For example, two is written as II in Roman numeral, just two one’s added together. Twelve is written as, XII, which is simply X + II. The number twenty seven is written as XXVII, which is XX + V + II.

Roman numerals are usually written largest to smallest from left to right. However, the numeral for four is not IIII. Instead, the number four is written as IV. Because the one is before the five we subtract it making four. The same principle applies to the number nine, which is written as IX. There are six instances where subtraction is used:

  • I can be placed before V (5) and X (10) to make 4 and 9.
  • X can be placed before L (50) and C (100) to make 40 and 90.
  • C can be placed before D (500) and M (1000) to make 400 and 900.

Given an integer, convert it to a roman numeral.

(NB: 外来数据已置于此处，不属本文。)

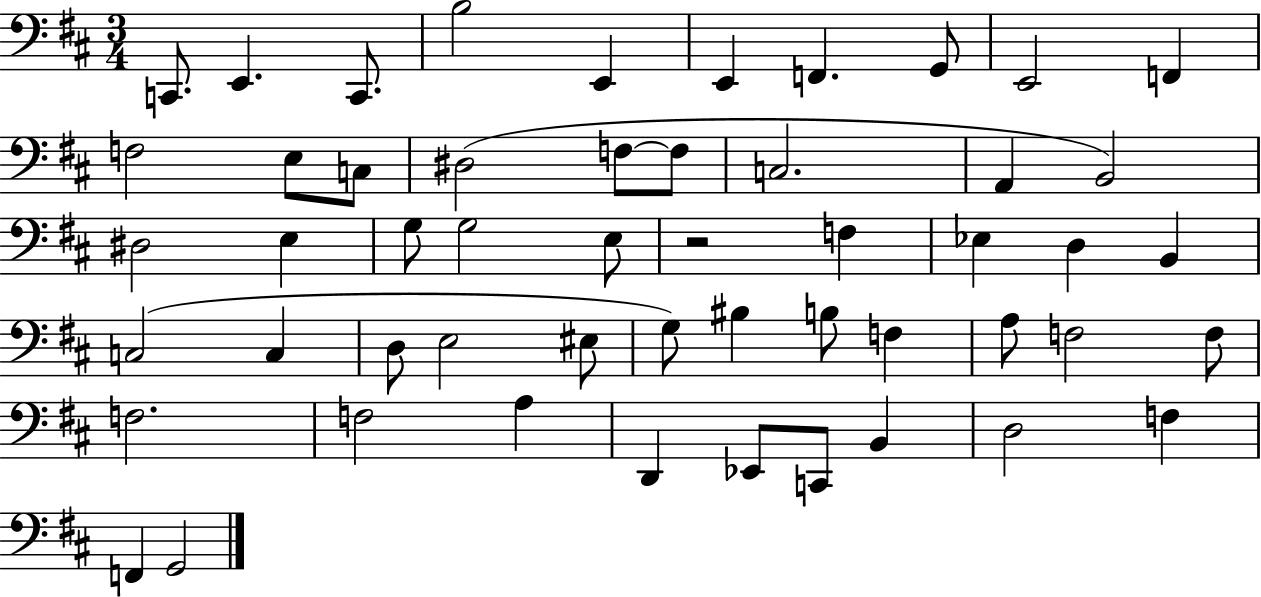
C2/e. E2/q. C2/e. B3/h E2/q E2/q F2/q. G2/e E2/h F2/q F3/h E3/e C3/e D#3/h F3/e F3/e C3/h. A2/q B2/h D#3/h E3/q G3/e G3/h E3/e R/h F3/q Eb3/q D3/q B2/q C3/h C3/q D3/e E3/h EIS3/e G3/e BIS3/q B3/e F3/q A3/e F3/h F3/e F3/h. F3/h A3/q D2/q Eb2/e C2/e B2/q D3/h F3/q F2/q G2/h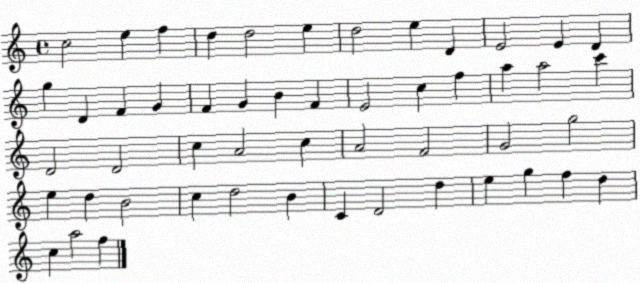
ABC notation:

X:1
T:Untitled
M:4/4
L:1/4
K:C
c2 e f d d2 e d2 e D E2 E D g D F G F G B F E2 c f a a2 c' D2 D2 c A2 c A2 F2 G2 g2 e d B2 c d2 B C D2 d e g f d c a2 f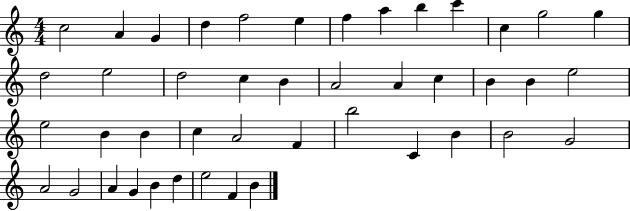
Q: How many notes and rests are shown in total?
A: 44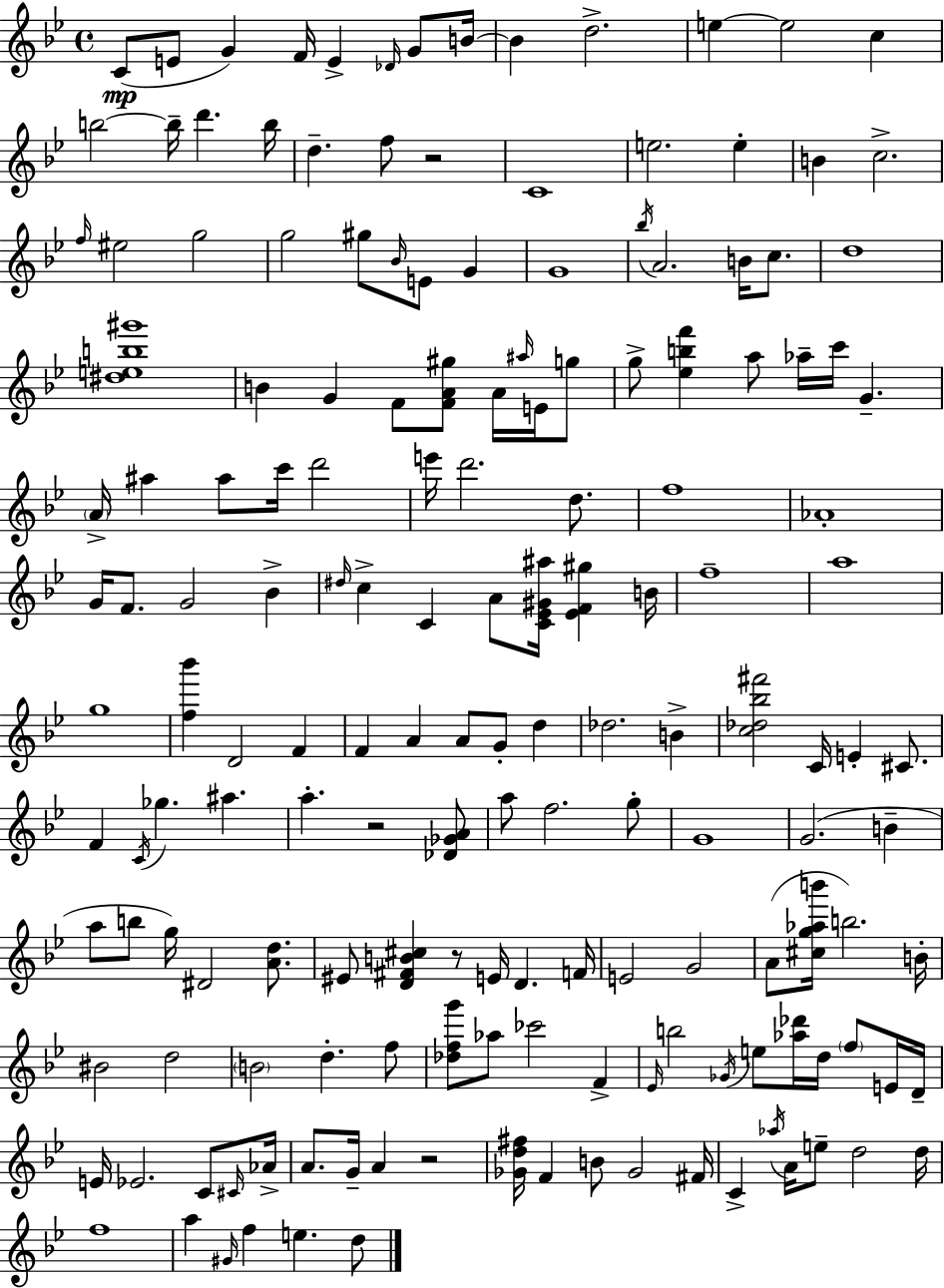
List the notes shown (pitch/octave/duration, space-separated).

C4/e E4/e G4/q F4/s E4/q Db4/s G4/e B4/s B4/q D5/h. E5/q E5/h C5/q B5/h B5/s D6/q. B5/s D5/q. F5/e R/h C4/w E5/h. E5/q B4/q C5/h. F5/s EIS5/h G5/h G5/h G#5/e Bb4/s E4/e G4/q G4/w Bb5/s A4/h. B4/s C5/e. D5/w [D#5,E5,B5,G#6]/w B4/q G4/q F4/e [F4,A4,G#5]/e A4/s A#5/s E4/s G5/e G5/e [Eb5,B5,F6]/q A5/e Ab5/s C6/s G4/q. A4/s A#5/q A#5/e C6/s D6/h E6/s D6/h. D5/e. F5/w Ab4/w G4/s F4/e. G4/h Bb4/q D#5/s C5/q C4/q A4/e [C4,Eb4,G#4,A#5]/s [Eb4,F4,G#5]/q B4/s F5/w A5/w G5/w [F5,Bb6]/q D4/h F4/q F4/q A4/q A4/e G4/e D5/q Db5/h. B4/q [C5,Db5,Bb5,F#6]/h C4/s E4/q C#4/e. F4/q C4/s Gb5/q. A#5/q. A5/q. R/h [Db4,Gb4,A4]/e A5/e F5/h. G5/e G4/w G4/h. B4/q A5/e B5/e G5/s D#4/h [A4,D5]/e. EIS4/e [D4,F#4,B4,C#5]/q R/e E4/s D4/q. F4/s E4/h G4/h A4/e [C#5,G5,Ab5,B6]/s B5/h. B4/s BIS4/h D5/h B4/h D5/q. F5/e [Db5,F5,G6]/e Ab5/e CES6/h F4/q Eb4/s B5/h Gb4/s E5/e [Ab5,Db6]/s D5/s F5/e E4/s D4/s E4/s Eb4/h. C4/e C#4/s Ab4/s A4/e. G4/s A4/q R/h [Gb4,D5,F#5]/s F4/q B4/e Gb4/h F#4/s C4/q Ab5/s A4/s E5/e D5/h D5/s F5/w A5/q G#4/s F5/q E5/q. D5/e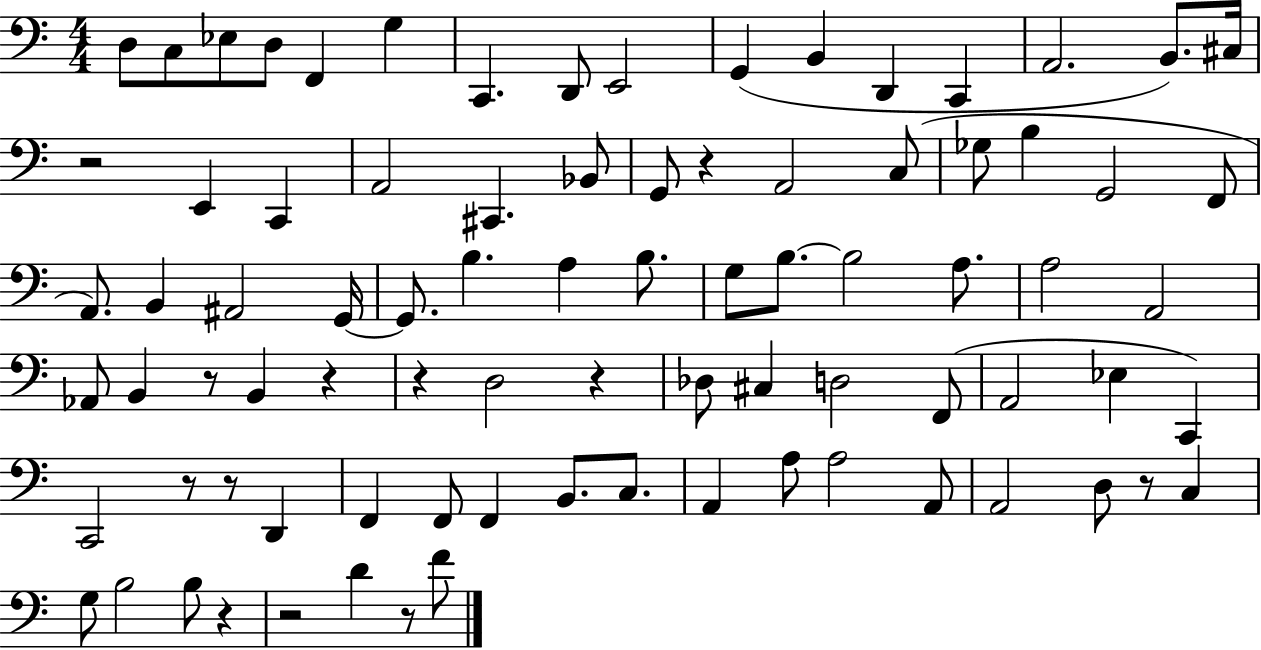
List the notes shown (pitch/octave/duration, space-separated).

D3/e C3/e Eb3/e D3/e F2/q G3/q C2/q. D2/e E2/h G2/q B2/q D2/q C2/q A2/h. B2/e. C#3/s R/h E2/q C2/q A2/h C#2/q. Bb2/e G2/e R/q A2/h C3/e Gb3/e B3/q G2/h F2/e A2/e. B2/q A#2/h G2/s G2/e. B3/q. A3/q B3/e. G3/e B3/e. B3/h A3/e. A3/h A2/h Ab2/e B2/q R/e B2/q R/q R/q D3/h R/q Db3/e C#3/q D3/h F2/e A2/h Eb3/q C2/q C2/h R/e R/e D2/q F2/q F2/e F2/q B2/e. C3/e. A2/q A3/e A3/h A2/e A2/h D3/e R/e C3/q G3/e B3/h B3/e R/q R/h D4/q R/e F4/e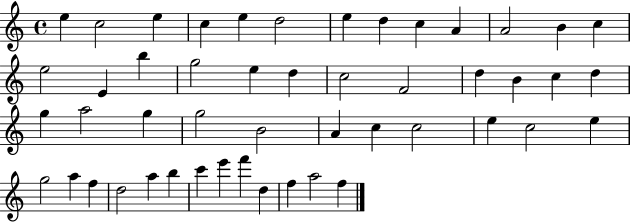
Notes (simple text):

E5/q C5/h E5/q C5/q E5/q D5/h E5/q D5/q C5/q A4/q A4/h B4/q C5/q E5/h E4/q B5/q G5/h E5/q D5/q C5/h F4/h D5/q B4/q C5/q D5/q G5/q A5/h G5/q G5/h B4/h A4/q C5/q C5/h E5/q C5/h E5/q G5/h A5/q F5/q D5/h A5/q B5/q C6/q E6/q F6/q D5/q F5/q A5/h F5/q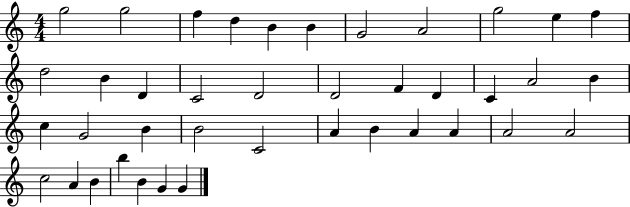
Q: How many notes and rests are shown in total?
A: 40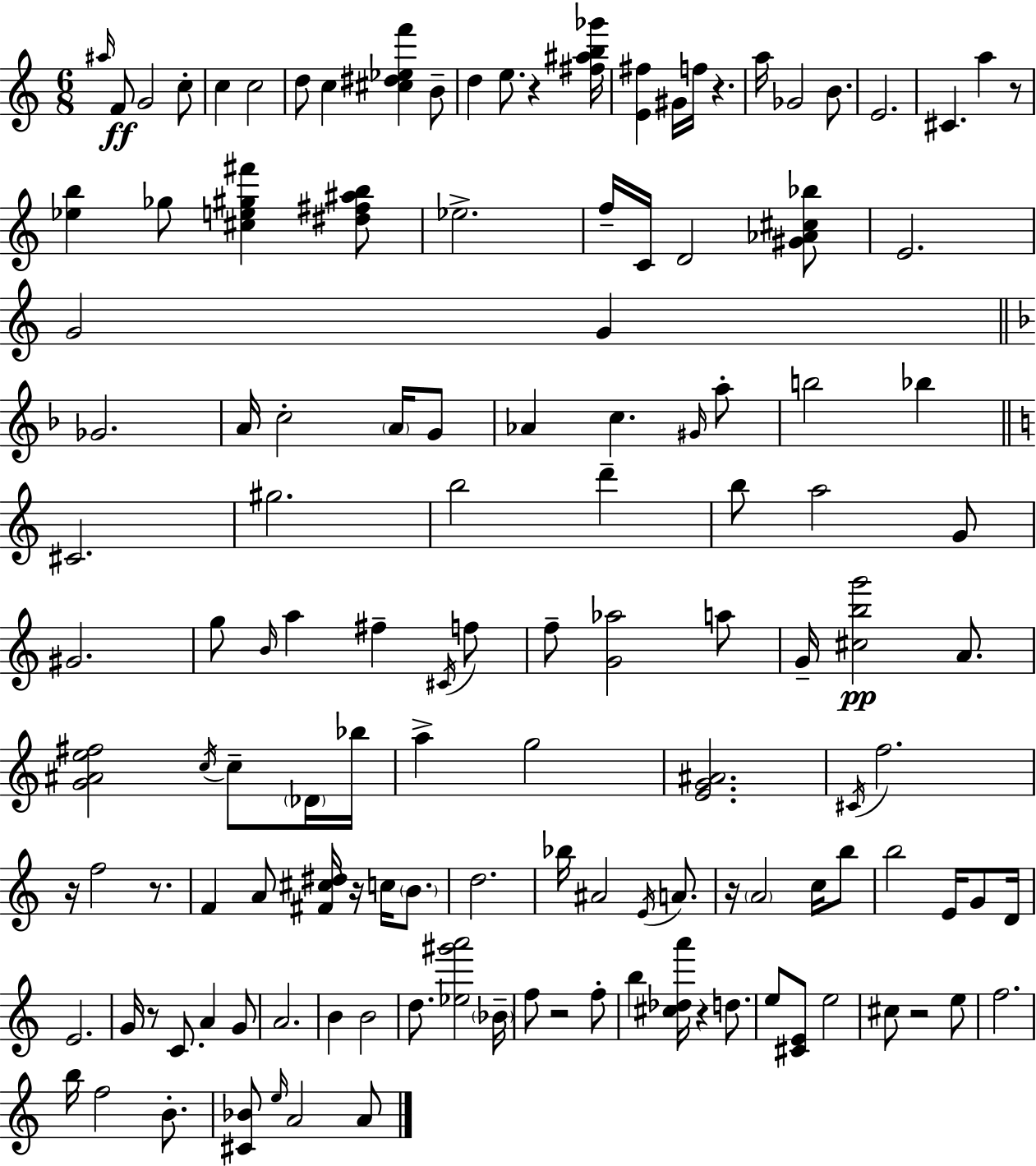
A#5/s F4/e G4/h C5/e C5/q C5/h D5/e C5/q [C#5,D#5,Eb5,F6]/q B4/e D5/q E5/e. R/q [F#5,A#5,B5,Gb6]/s [E4,F#5]/q G#4/s F5/s R/q. A5/s Gb4/h B4/e. E4/h. C#4/q. A5/q R/e [Eb5,B5]/q Gb5/e [C#5,E5,G#5,F#6]/q [D#5,F#5,A#5,B5]/e Eb5/h. F5/s C4/s D4/h [G#4,Ab4,C#5,Bb5]/e E4/h. G4/h G4/q Gb4/h. A4/s C5/h A4/s G4/e Ab4/q C5/q. G#4/s A5/e B5/h Bb5/q C#4/h. G#5/h. B5/h D6/q B5/e A5/h G4/e G#4/h. G5/e B4/s A5/q F#5/q C#4/s F5/e F5/e [G4,Ab5]/h A5/e G4/s [C#5,B5,G6]/h A4/e. [G4,A#4,E5,F#5]/h C5/s C5/e Db4/s Bb5/s A5/q G5/h [E4,G4,A#4]/h. C#4/s F5/h. R/s F5/h R/e. F4/q A4/e [F#4,C#5,D#5]/s R/s C5/s B4/e. D5/h. Bb5/s A#4/h E4/s A4/e. R/s A4/h C5/s B5/e B5/h E4/s G4/e D4/s E4/h. G4/s R/e C4/e. A4/q G4/e A4/h. B4/q B4/h D5/e. [Eb5,G#6,A6]/h Bb4/s F5/e R/h F5/e B5/q [C#5,Db5,A6]/s R/q D5/e. E5/e [C#4,E4]/e E5/h C#5/e R/h E5/e F5/h. B5/s F5/h B4/e. [C#4,Bb4]/e E5/s A4/h A4/e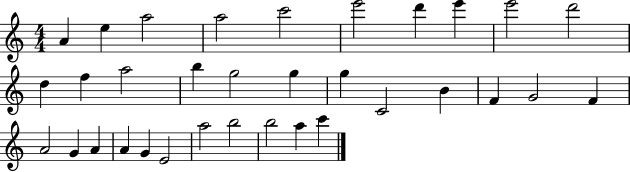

Input is guaranteed to be within the range from 1 to 3999.

Example 1:

Input: "III"
Output: 3

Example 2:

Input: "IV"
Output: 4

Example 3:

Input: "IX"
Output: 9

Example 4:

Input: "LVIII"
Output: 58
Explanation: L = 50, V= 5, III = 3.

Example 5:

Input: "MCMXCIV"
Output: 1994
Explanation: M = 1000, CM = 900, XC = 90 and IV = 4.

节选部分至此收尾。